Curd Samosas (Krishna Charan’s recipe)
By Ram Prasad das

2 heads cauliflower
2 gallons milk (from protected cows)
one pound of peas

1. Cut and deep fry cauliflower
2. Make curd out of milk (bring milk to boil, add lemon juice or yogurt slowly until curds separate from whey)
3. Heat ghee; add mustard seeds until they pop. Cool off ghee with minced ginger and chilies. Add generous quantity of hing, cumin powder, coriander, and turmeric. Add peas. Cook for a couple of minutes.
4. Scoop the curds out of the whey and add them to the peas. The curd ought to be moist. If you are using pressed curd, you will want to add whey. Break the curd up while stirring. The curd will become yellow from the turmeric.
5. Add deep-fried cauliflower, and salt.

1. Make dough. 1 C. (1/2 pound) butter, 7 C. flour. A little salt. Add water so that the dough is dry enough that it doesn’t stick to the rolling pin or the table, but moist enough that when rolled out, the edges are smooth and unbroken.
2. Fill as usual. You might want someone to show you how to roll a samosa. One way is to roll a perfect circle, put the filling in the middle (make sure when you fold the dough over the filling that no filling gets stuck on the edge because you need to create a perfect seal). Seal the samosa. When the dough is perfect, you won’t need any water. If the dough doesn’t easily stick together, dip your finger in water and run it along the edge to seal (one side only). Tips: When making creases, press firmly so that the creases are distinct. Don’t overfill.
3. Deep-fry. Some say fast, some say slowly. I find the slow-cooked ones stay crisper longer.

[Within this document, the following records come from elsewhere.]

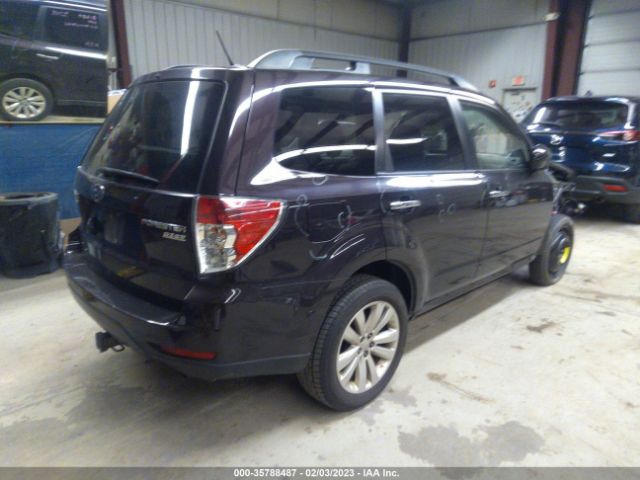 JF2SHADC3DH442419 Subaru Forester 2.5x Premium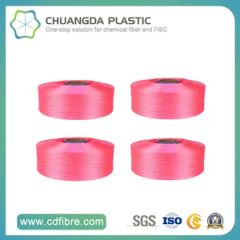 900d-FDY-PP Multifilament Yarn 300d-3500d 100% Polypropylene Coarse 3.0-7.0GM 1Y - Chuangda Plastic Industry Co., Limited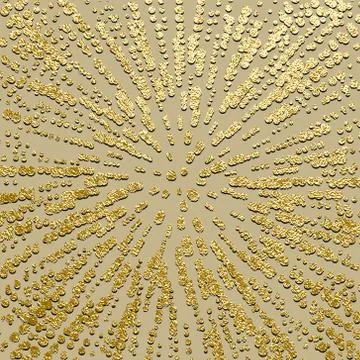 Gold texture. Abstract gold background 库存插图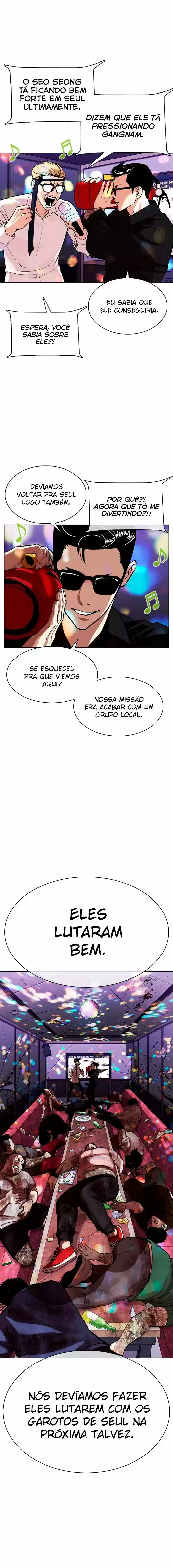 Read Lookism PT Manga Online
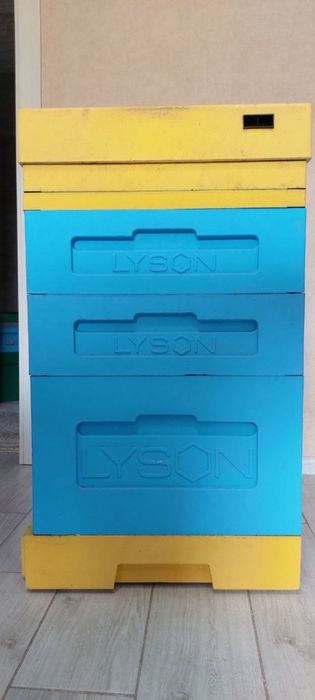 Вулики Lyson 10-рамкові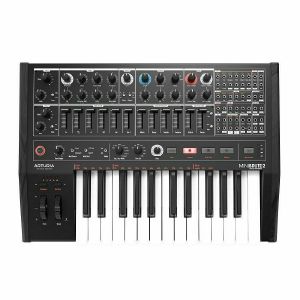 Arturia MiniBrute 2 Noir Edition Semi-Modular Analogue Monosynthesiser (B-STOCK)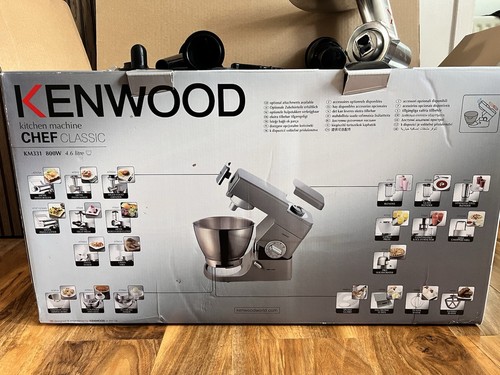 Kenwood chef classic km331 - kenwood,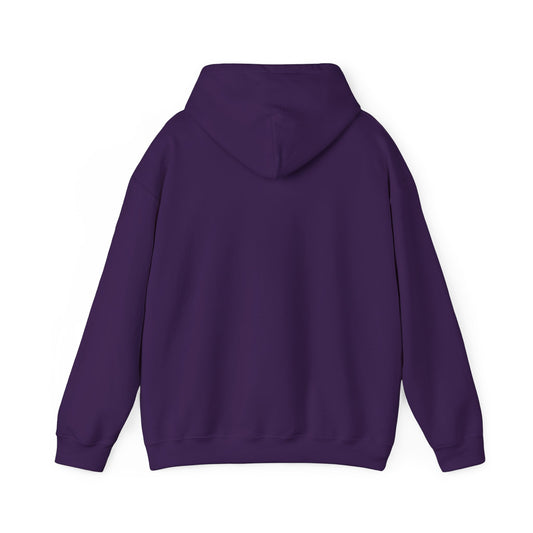 Balam Wild Hoodie - Purple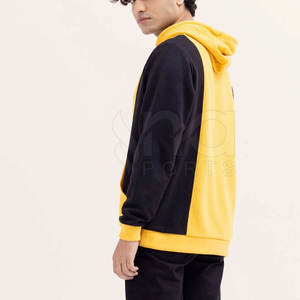 Sudadera con capucha de alta gama con costuras duraderas y diseño de capucha ajustable, básica, clásica, para el día a día. - Product Image 3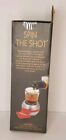 Shot Glass Party Drinking Game Shot Glass And Spinning Stand Fun Novelty Adult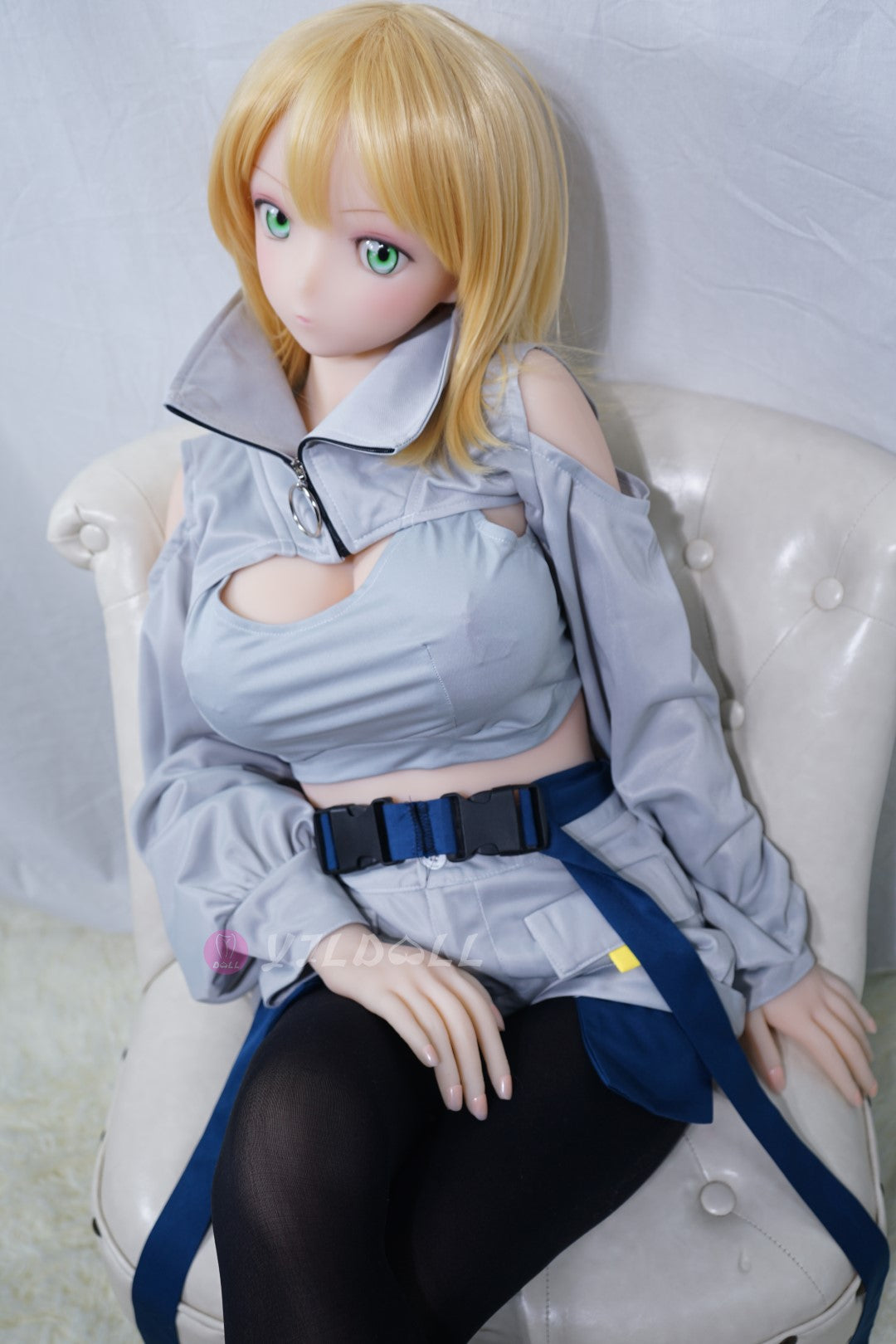 Saika seksinukke (YJL Doll 156cm F-cup silikoni)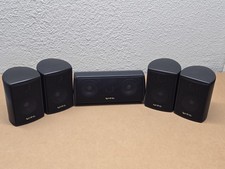 Juego de altavoces Infinity SAT450 4 altavoces envolventes y 1 altavoz central Center450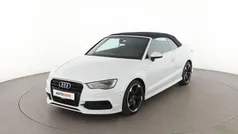 Gebraucht 2016 Audi A3 Cabriolet S-Line Cabrio | 20.400 € (Etwas zu teuer)
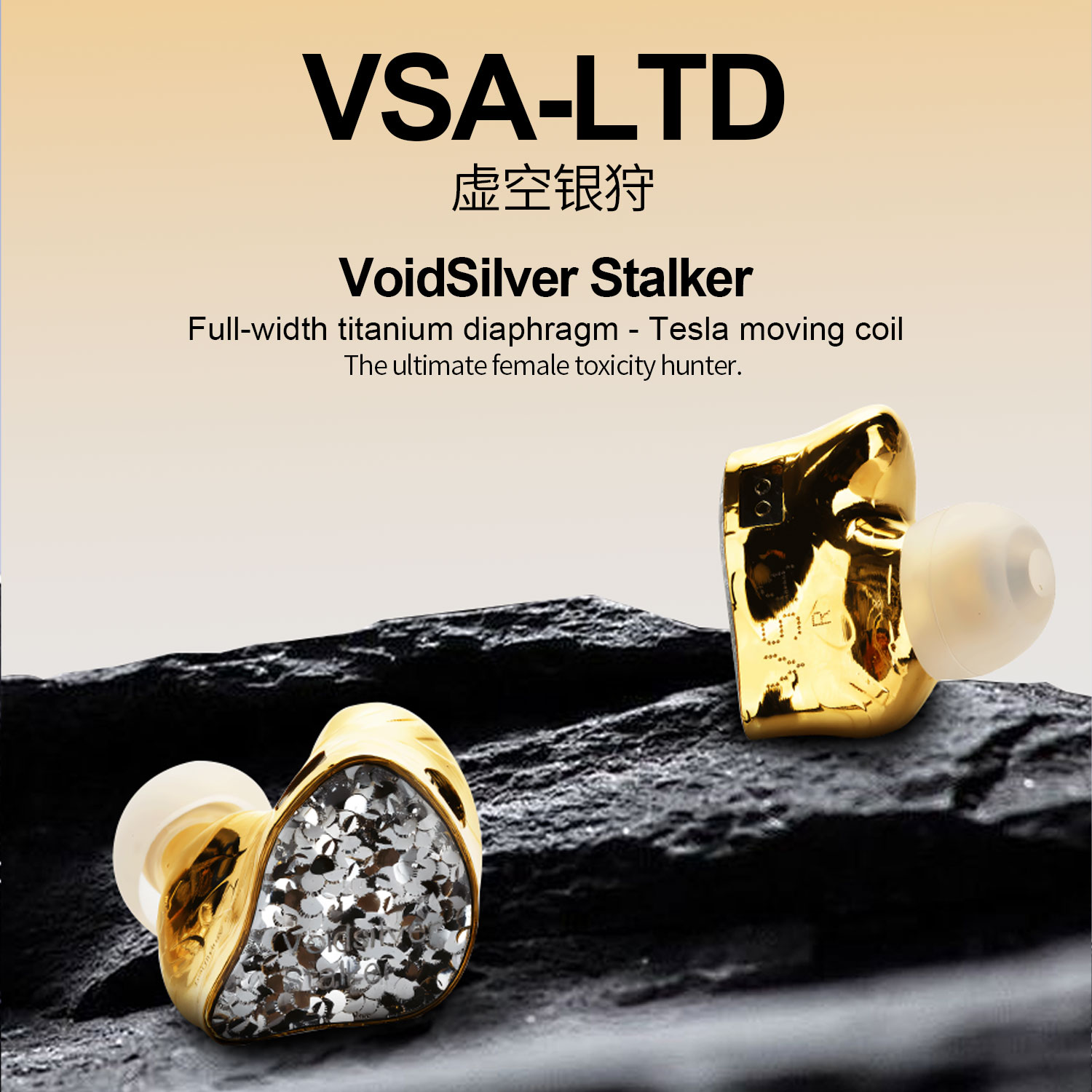 EarAcoustic VSA-LTD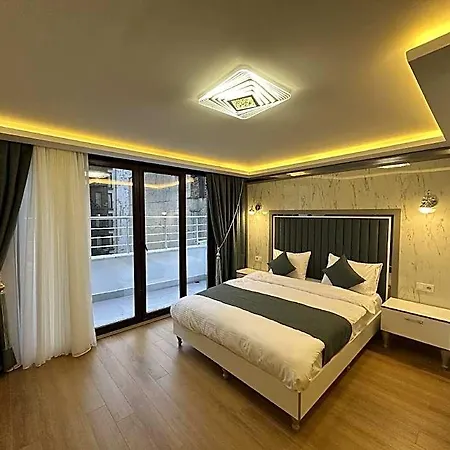Gazelle 4* Istanbulská provincie
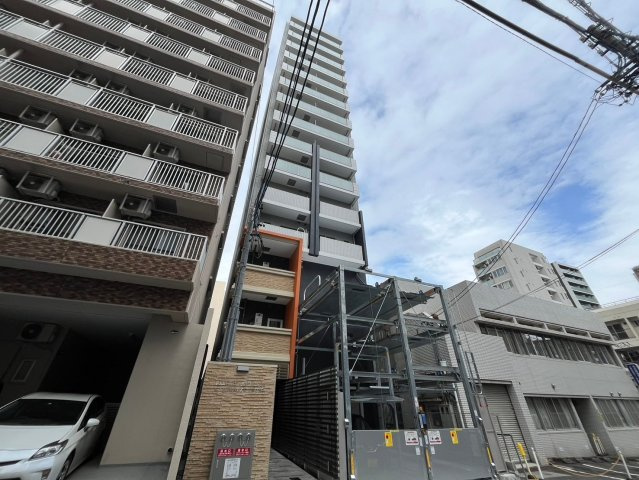 エスリードレジデンス上前津フロント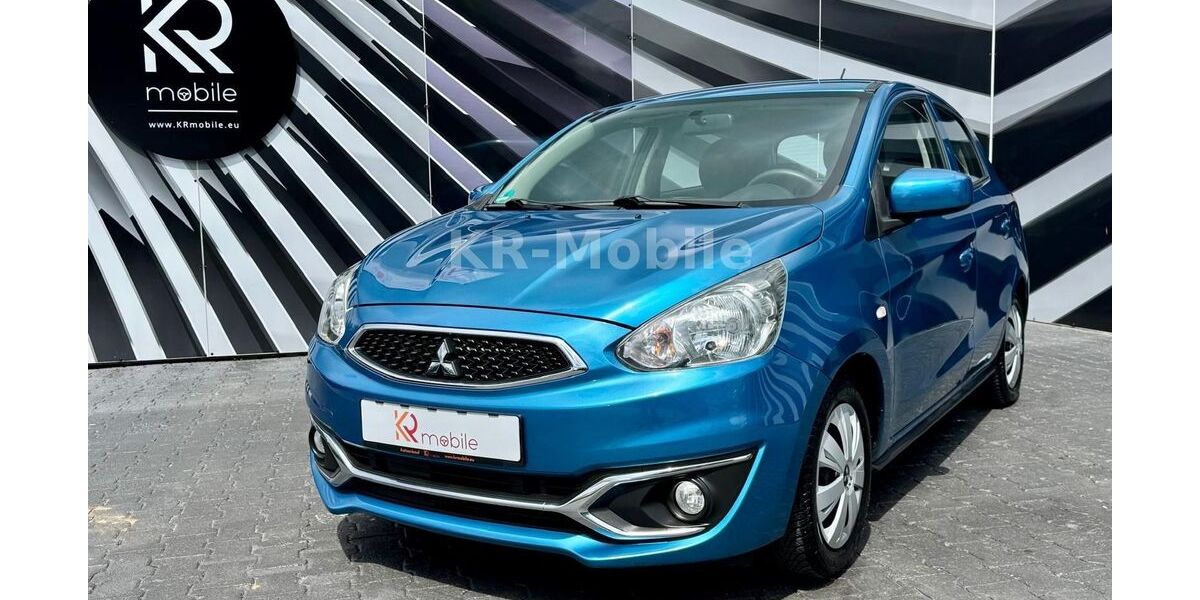 Mitsubishi Space Star 78.718 km 6.400 &euro; Garbenheim 35583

Put oil or ghee in the pan. Add mustard seeds if you like. Let them pop. Add chiles and ginger (if desired) to cool off the oil. Let the chiles and ginger cook for a minute or two, add hing. If you don’t desire chilies and ginger, add vegetables then hing, curry powder, and paprika.

Add salt.

This will give a base flavor that you can accentuate with different flavors (fennel seeds, cumin seeds, bay leaves, lemon juice, green mango powder (amchur), or whatever suits you).